Mr Dowd: I would like to highlight five main points about our current oil predicament and what we can and can’t do about it:
1. The oil industry is inherently volatile in the sense that it is driven by a host of supply and demand factors which are largely beyond our control, at least in the short-run. That volatility becomes acute when spare production capacity is extremely tight. Under these circumstances, even a small disruption can produce large price spikes.
2. The primary reason that there is such limited spare capacity is because the record investment by the energy industry aimed at expanding oil production has not resulted in the expected supply response. Conventional wisdom holds that more investment will lead to more supply. In the case of global oil production, the validity of conventional wisdom does not appear to be certain.
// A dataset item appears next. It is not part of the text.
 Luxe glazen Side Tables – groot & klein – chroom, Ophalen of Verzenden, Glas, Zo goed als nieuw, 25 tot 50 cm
This uncertainty emanates from several sources:
- Global oil production growth rates outside of OPEC and the Former Soviet Union have slowed each decade over the past five, regardless of the level of investment.
- Investment in U.S. hydrocarbon production has doubled over the past decade but production has not grown. The record investment undertaken by the industry over the past five years has not been sufficient to cause global oil reserves outside of OPEC and Russia to expand. Furthermore, exploration success rates in deepwater basins have been substantially below initial expectations.
- Virtually every rig and every petroleum engineer in the world is already working. Materially increasing the level of activity beyond the current level is not feasible over the coming 3-5 years.
3. In the case of the refining industry, conventional wisdom regarding the effectiveness of additional investment does appear to be correct. We can and should build more refining capacity. Nonetheless, the industry today finds itself operating at a very high level of utilization due to the robust economic growth over the past decade, the slowdown in efficiency improvements in the auto fleet, more stringent environmental requirements, and the deteriorating quality of crude available to the industry.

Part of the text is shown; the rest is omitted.